I found most of the performances in ”THE BARCHESTER CHRONICLES” top-notch. Mind you, there were some excursions into hammy acting – notably from Nigel Hawthorne as Archdeacon Grantly, Peter Blythe as the feckless Nigel Stanhope and yes, from Geraldine McEwan as Mrs. Proudie. Even Alan Rickman had a moment of hammy acting in his very last scene. But, the cast was generally first-rate. Despite their moments of hamminess, I must admit that I was very impressed by Hawthorne, McEwan and Rickman. Especially the latter, who gave a star turn as the slippery and obsequious Obadiah Slope. And Clive Swift gave a deliciously subtle performance as the weak-willed Bishop Proudie, who allowed himself to be bullied by his wife and manipulated by Mr. Slope. I was also impressed by Susan Hampshire’s performance as the manipulative and sexy Signora Neroni. The series did not go much into her character’s problems with her Italian husband, despite her negative comments on marriage. But watching her manipulate Rickman’s Reverend Slope really impressed and entertained me. And I also enjoyed Angela Pleasence’s portrayal of Archdeacon Grantly’s wife, Susan Harding Grantly. In many ways, she seemed like a more respectable version of the Signora Neroni – feminine, soft-spoken, a little manipulative and strong-willed. But the one performance that shone above the others for me was Donald Pleasence’s portrayal of the Reverend Septimus Harding. Characters like Reverend Harding usually tend to bore me. But Pleasence’s Reverend Harding was not only interesting, but also entertaining. I enjoyed how he managed to maintain his mild-mannered personality, while displaying a great deal of backbone against the aggressive maneuverings of Archdeacon Grantly and Mrs. Proudie, and his hostility over the slippery manipulations of Reverend Slope. My only quibble about Pleasence’s performance is that his scenes with Janet Maw, who portrayed Eleanor Harding Bold, left me feeling a bit uneasy.

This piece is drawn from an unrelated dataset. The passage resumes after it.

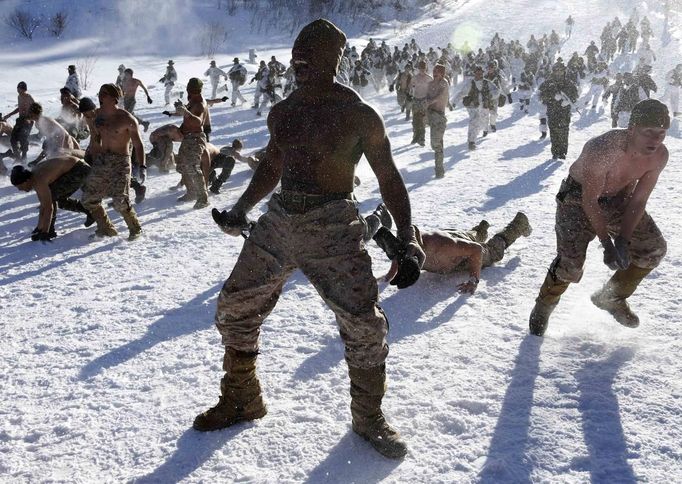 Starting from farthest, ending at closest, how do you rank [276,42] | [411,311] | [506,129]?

I realize that Reverend Harding and Eleanor had a close relationship, but there were moments – thanks to Pleasence and Maw’s performances – when their interactions seemed to hint a touch of incest. Very creepy.

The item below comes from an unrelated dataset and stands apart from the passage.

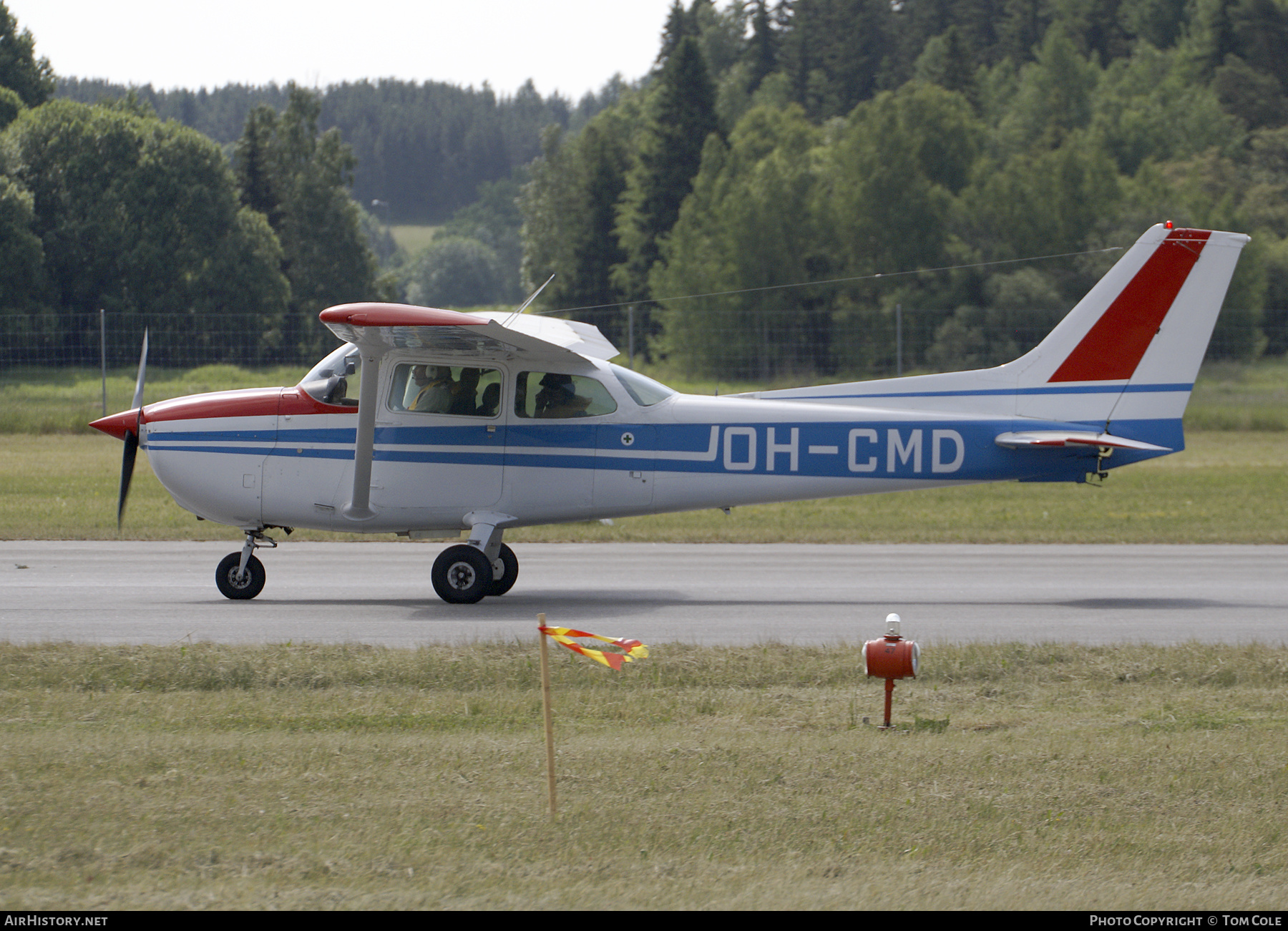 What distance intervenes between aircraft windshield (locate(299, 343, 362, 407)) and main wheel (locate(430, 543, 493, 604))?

Does ”THE BARCHESTER CHRONICLES” still hold up after twenty-eight years? Perhaps. The miniseries was obviously filmed on video tape. And the pictures are not as sharp as they could be. But I must admit that the photography was rich with color. And I just adored Juanita Waterson’s costume designs, which were shown with great effect in scenes that featured the Proudies’ soirée at the Bishop’s residence and the Thornes’ garden party. She effectively captured the styles of mid-Victorian England. Perhaps some of the performances were a little hammy at times. And there were moments when the miniseries’ pacing threatened to drag. But overall, ”THE BARCHESTER CHRONICLES” was a first-rate production that featured a well-written script by Alan Plater, an excellent cast led by Donald Pleasence and solid direction by David Giles. After twenty-eight years, it remains a sharp and entertaining miniseries for me.